* Exercise prompt
Up to and including the line that contains "Sunset Sodalite Thumb Stone Group 6", write out every line of the entries exactly, beginning with the first. Omit the pictures.

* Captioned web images
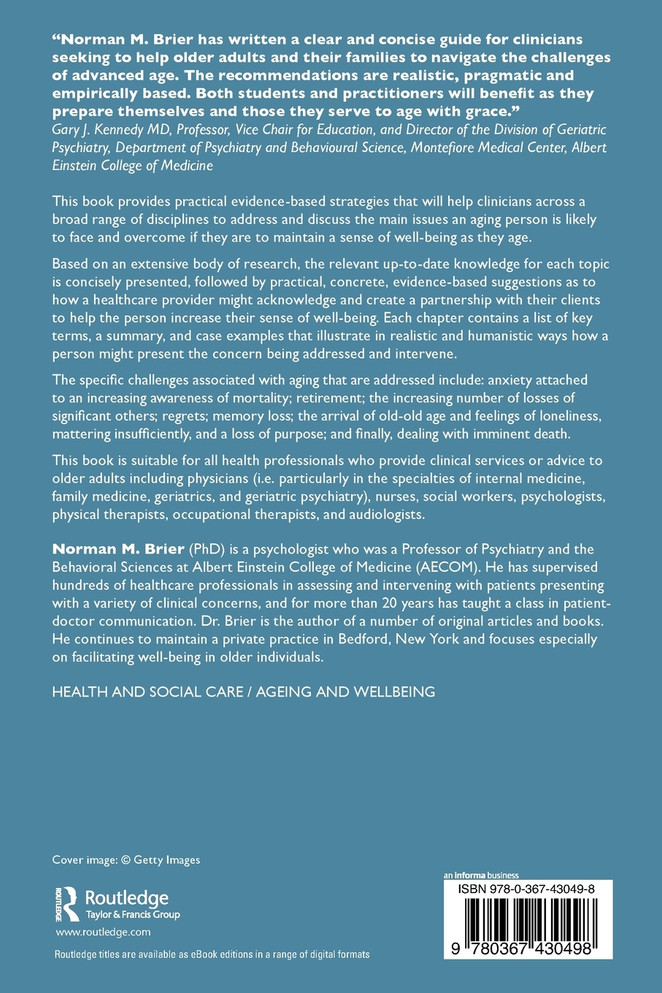 A Guide to Aging and Well-Being for Healthcare Professionals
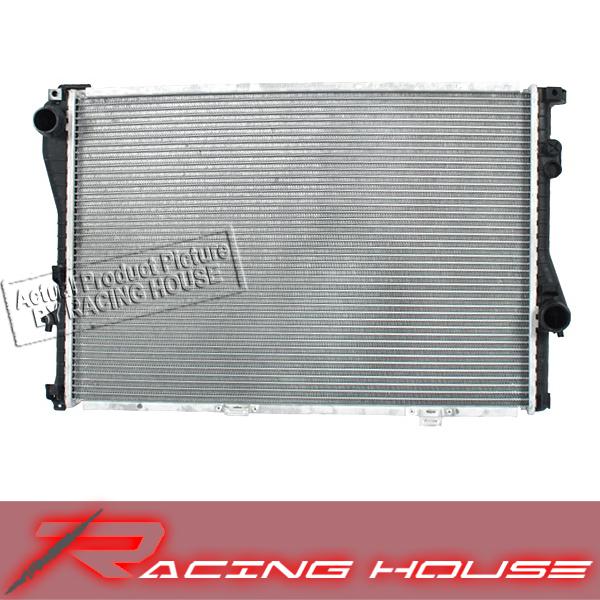 01-03 bmw 5-series 3.0l l6 525i/530i aluminum core/plastic tank cooling radiator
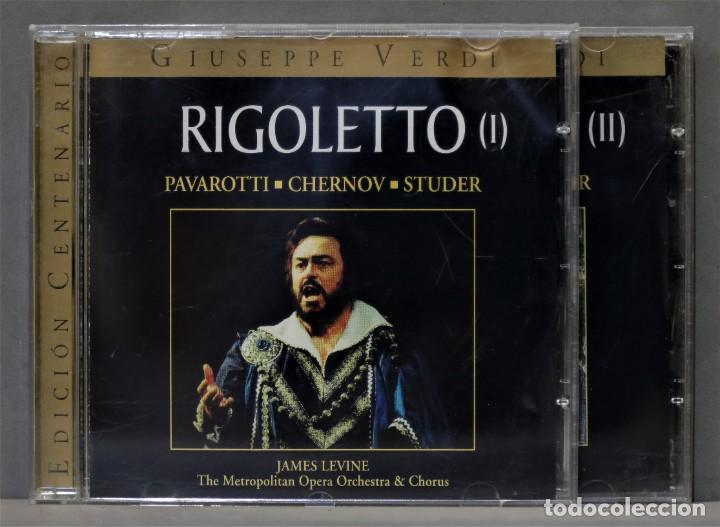 CDs de m&uacute;sica: 2 CD. RIGOLETTO. VERDI. LEVINE - Foto 1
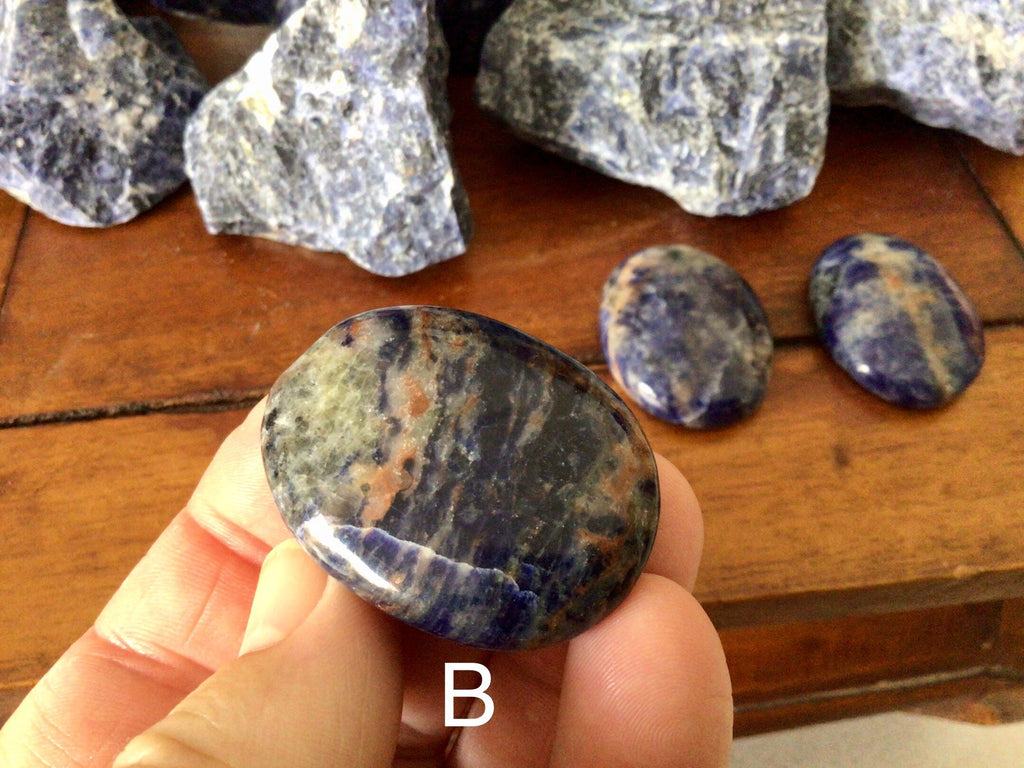 Sunset Sodalite Thumb Stone Group 6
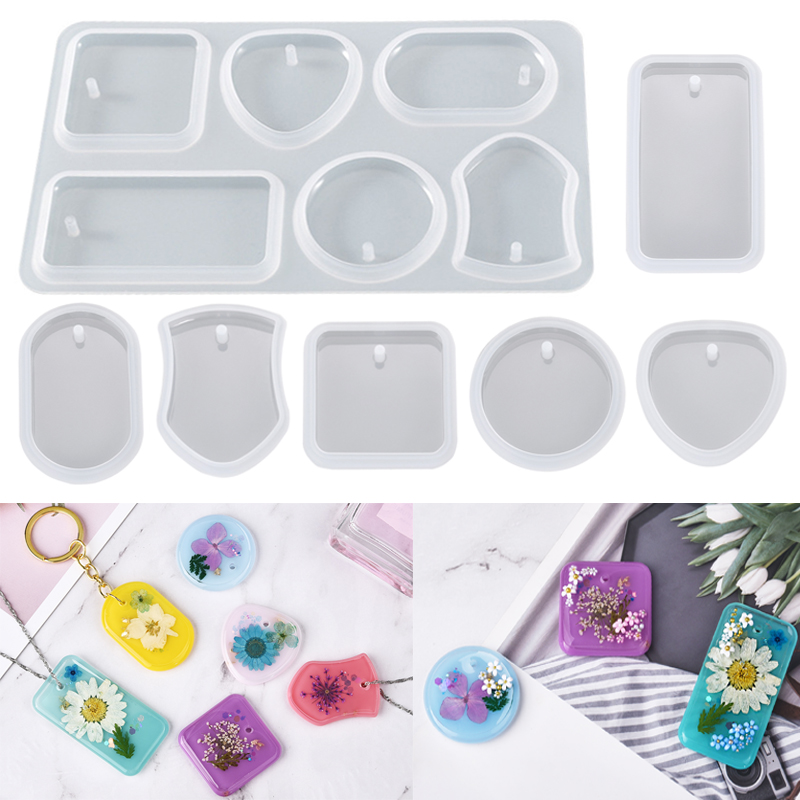 DIY 키체인 펜던트 실리콘 몰드 세트, 크리스탈 에폭 - Silicone Epoxy Resin Molds Set 리뷰 및 가격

* Exercise response
 A Guide to Aging and Well-Being for Healthcare Professionals
 01-03 bmw 5-series 3.0l l6 525i/530i aluminum core/plastic tank cooling radiator
 CDs de m&uacute;sica: 2 CD. RIGOLETTO. VERDI. LEVINE - Foto 1
 Sunset Sodalite Thumb Stone Group 6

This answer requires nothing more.